Vampires en toute intimité
Au milieu des défis que Buffy doit affronter à chaque épisode, il y a plus largement les différents vampires qui entourent l’héroïne. Si les créatures à crocs sont de la chair facile à battre pour Buffy, elle va aussi vivre d’intenses relations avec certains. Il y a son premier amour : Angel incarné par David Boreanaz. Dans la mythologie de la série, Angel est un des vampires les plus célèbres et puissants. Buffy et lui tombent rapidement amoureux, malgré la nature vampirique d’Angel.

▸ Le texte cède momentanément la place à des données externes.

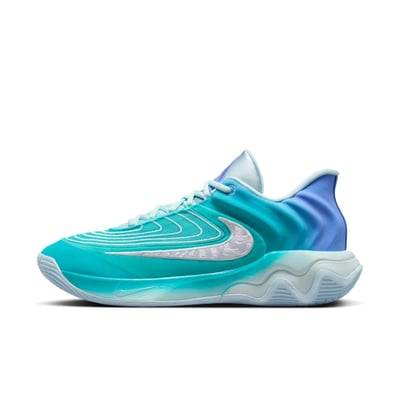 Nike Giannis Immortality 4 FQ3680-300 01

La complexité des rapports sentimentaux et érotiques est mise en avant alors que le rôle de Buffy est justement de lutter contre celle dont elle s’éprend. Le sujet de la première fois est abordé quand Angel et Buffy couchent ensemble. Mais Angel ayant vécu un moment de pur bonheur se transforme en Angelus, une créature immonde et terrifiante. Cela catalyse les angoisses des premiers rapports sexuels où la fille a peur d’avoir une relation importante pour elle mais inconséquente pour le partenaire qui révèle son vrai visage après avoir eu ce qu’il voulait. Quand Buffy se bat contre les vampires, elle se bat contre les hommes. Mais dans la série, les hommes ne forment pas une entité indivisible et l’amour de Buffy pour certains vampires apportent de la nuance et de la complexité entre les interactions. Parce que comme dit plus haut, Buffy est la tueuse, l’élue. Elle est le personnage au dessus des clichés et des archétypes. Dans Buffy, aucun personnage n’est prisonnier de sa condition. Les vampires non plus. Dans la saison 2, le personnage culte de Spike fait son apparition. Affublé d’un blouson en cuir et de cheveux blonds peroxydés, Spike se veut être la figure cool et rock du vampire, a contrario de l’âme tourmentée qu’incarne Angel. Tout au long de la série, Buffy et Spike joueront au chat et à la souris bien que le vampire souffre de cette relation impossible. Sa condition de monstre le consume et fait de Buffy, un amour qu’il ne peut se permettre. Dans l’épisode musical, il déclarera sa passion pour elle en chanson. Il est un mort damné qui aime une vivante destinée à le tuer. Malgré les actes odieux qu’il va commettre, dont une tentative de viol, Buffy, magnanime, va lui offrir une rédemption. Dans un dernier sacrifice, le démon disparaît comme un saint. Postulat de départ de la série, tous les archétypes finissent par être déconstruits pour le meilleur. Après sept saisons, Buffy finira par ne plus combattre les vampires mais par les sauver.